Specifically, the proposed reforms that are being side-stepped or ignored are:

– Failure to establish a union of referees, which means that referees’ representatives will not participate in the executive committee or at the general assembly; only the president of the Central Officiating Committee will be participate, but without a right to vote. This means that one of the main problems in Greek football, and EPO’s operation, namely, efforts to manipulate officiating, will continue.

– Every individual regional and sector federation (such as those representing coaches, players, women’s football etc.) will still have one vote, instead of two votes at the general assemblies, as foreseen in the Holistic Study.
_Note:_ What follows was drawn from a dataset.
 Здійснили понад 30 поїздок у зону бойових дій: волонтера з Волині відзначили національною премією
This means that the situation will remain the same at general assemblies, i.e. the same blocs of vested interests, the same impasses, and the same “provincial” football club presidents exerting undue influence.
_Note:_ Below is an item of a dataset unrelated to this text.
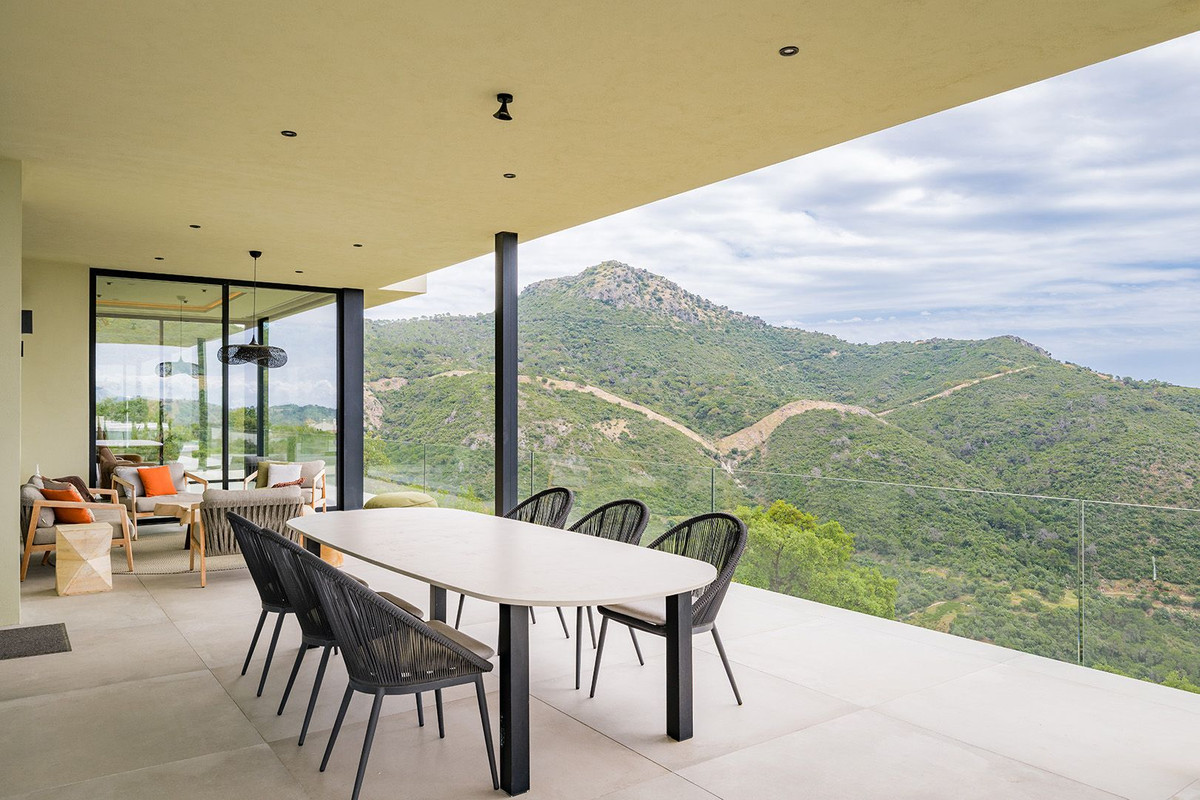 Villa for sale in Benahavís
– Failure to implement  the provision of at least one woman member on the executive committee immediately, with the measure pushed back to 2024, in case of the resignation or suspension of a current member, as foreseen in the Holistic Study. EPO’s current leadership apparently believed that it should remain a “men’s only” club.

– Responsibilities of a new CEO for EPO will continue to be determined by the executive committee, something that means that in order to have powers the position will devolve into a “reduced” role, so that members of the executive committee will still exert real power.

– EPO’s professional football committee will retain its purely advisory role, and not the decisive and binding role that the Holistic Study recommended. This means that instead of a federation organ that truly guarantees the implementation of rules and the integrity of Greek football, EPO instead continues to tolerate impunity and all the ills that afflict Greek football. This oversight, in particular, opens up the prospect of a very unfortunate development in the coming period. For instance, at any given point the bloc of “provincial” club owners can challenge the presence of the head of EPO’s Officiating Committee, Mark Clattenburg. And what if these “provincials” don’t chase away Clattenburg? They can just as easily decide about his close associates, as they did with Clattenburg’s predecessor.

All of the aforementioned can be summed up in a simple but very bitter truth: That the effort to change the situation in EPO, as had been promoted over the recent period, has utterly failed. AEK Athens and PAOK Thessaloniki owners Dimitris Melissanidis and Ivan Savvidis, respectively, continue to believe they must continue to “run EPO’s show”.

This is also a failure of the Greek government, and not just Sports Deputy Minister Lefteris Avgenakis alone, but of the government as a whole, which oversaw Zagorakis’ selection for EPO president.

Is there possible solution?

Yes! is the answer.

If Greek Prime Minister Kyriakos Mitsotakis wants to truly link his name with a new and bright situation for Greek football, a new page turned; a true reform, then his must proceed with a legislative initiative – just as the previous SYRIZA government did under then minister Stavros Kontonis, when with FIFA and UEFA’s acceptance they ignored whatever independent governance claims by EPO and legislated accordingly.

This is what needs to be done now. UEFA and FIFA have clearly understood what is happening in Greek football and the road-blocks placed before solutions by the current EPO leadership. Legislative changes must come now to produce needed solutions to overcome this impasse, to stop missing opportunities.